Retype the whole listing verbatim and keep the pictures out of it.

* SUPPLIED DATA:
—————
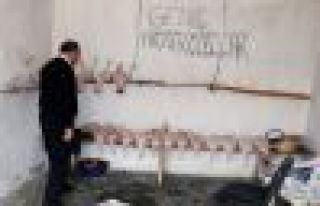 Kaçak tavuk kesimi yapanlara operasyon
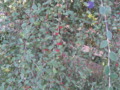 Cotoneaster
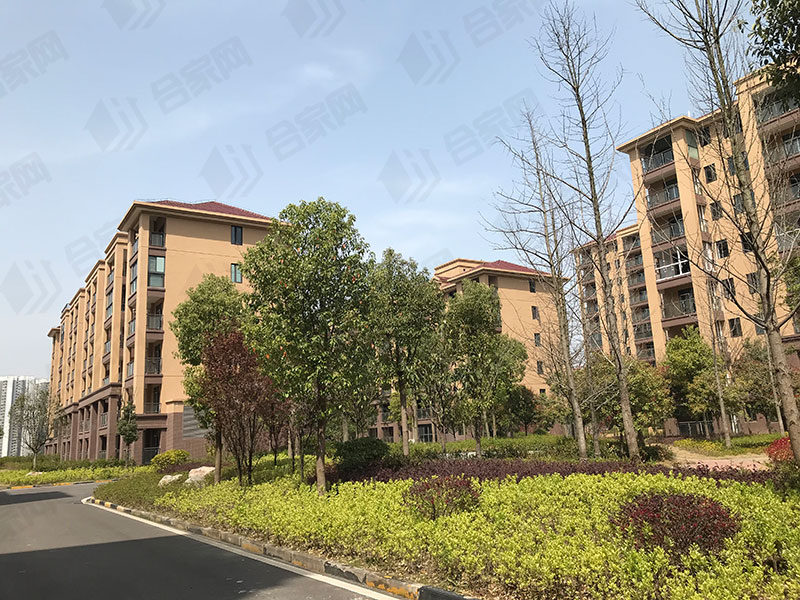 实探楼盘园林实景,山水如画宜昌楼盘周边规划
—————
* WORKED SOLUTION:
 Kaçak tavuk kesimi yapanlara operasyon
 Cotoneaster
 实探楼盘园林实景,山水如画宜昌楼盘周边规划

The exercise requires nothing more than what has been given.